At the age of 14, I had to make one of the toughest decisions of my life. Ever since I was 5 years old, I had been consumed by the sport of gymnastics. I spent hours every week at the gym flipping around on everything from a springy floor to uneven parallel bars to a four-inch wide beam. I did endless conditioning to build my six-pack, and suffered in silence through several injuries. Plus, I was always taller, less flexible, and less coordinated than most of the other girls, so my learning curve was slower and I had to work extra hard. I began to get tired of enduring the criticism of my cutthroat coaches, and between the stress, time commitment and increasing intensity of my competitions, gymnastics just wasn’t fun anymore.

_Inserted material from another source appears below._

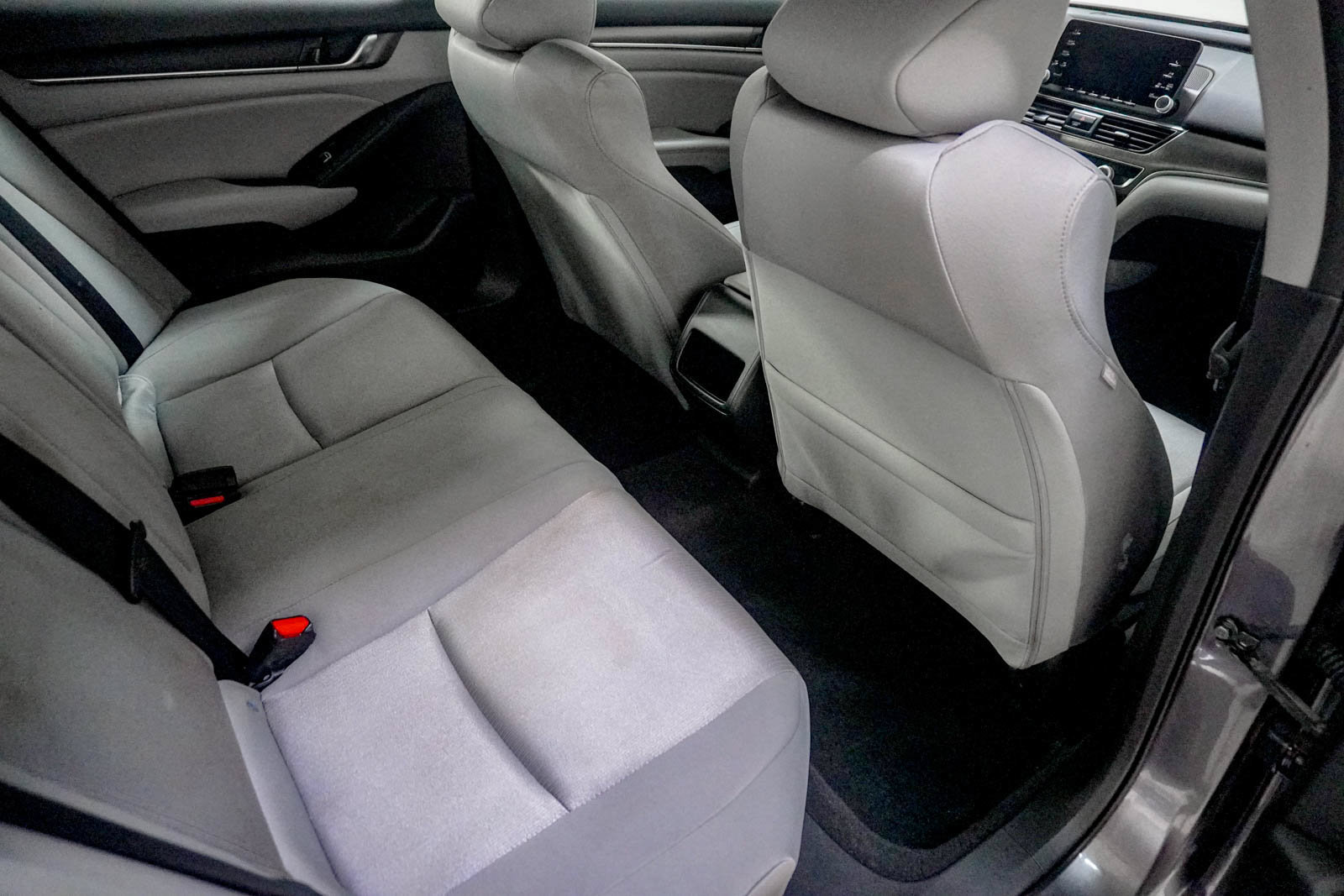Used 2018 Honda Accord LX image 33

Each night, I began to dread my four-hour practices and the wrath of my coaches when I failed to produce a flawless routine. I could remember the times when I looked forward to learning new tricks and choreographing new routines, but they seemed far away as my hopes of progressing to the next level got bleaker. At this point I knew I no longer wanted to be a gymnast, but it was hard to imagine just quitting after all the time and effort I’d spent in the sport. I didn’t know what I would do with those extra 20 hours each week, and if I wasn’t defined as Jenna, the girl who is good at gymnastics, I had no idea who I’d be.
Kids are too blatantly identified by the sports they play or their other extracurricular commitments, and those who don’t participate in such activities tend to feel lost. Consequently, they may learn the hard way just like I did, and expend time, money and stress for months before they finally decide to follow their hearts and move on. That’s right, not quit, give up, or surrender; move on. Our society has taught kids to stick to their commitments, tough it out, build character, and come out on top, but that is not always possible. I guarantee that almost every parent would rather see their child content and unstressed after having quit an activity than allow them to suffer in silence. So please, don’t use the term “quitter,” and don’t belittle those who make the personal decision to make a change and move forward.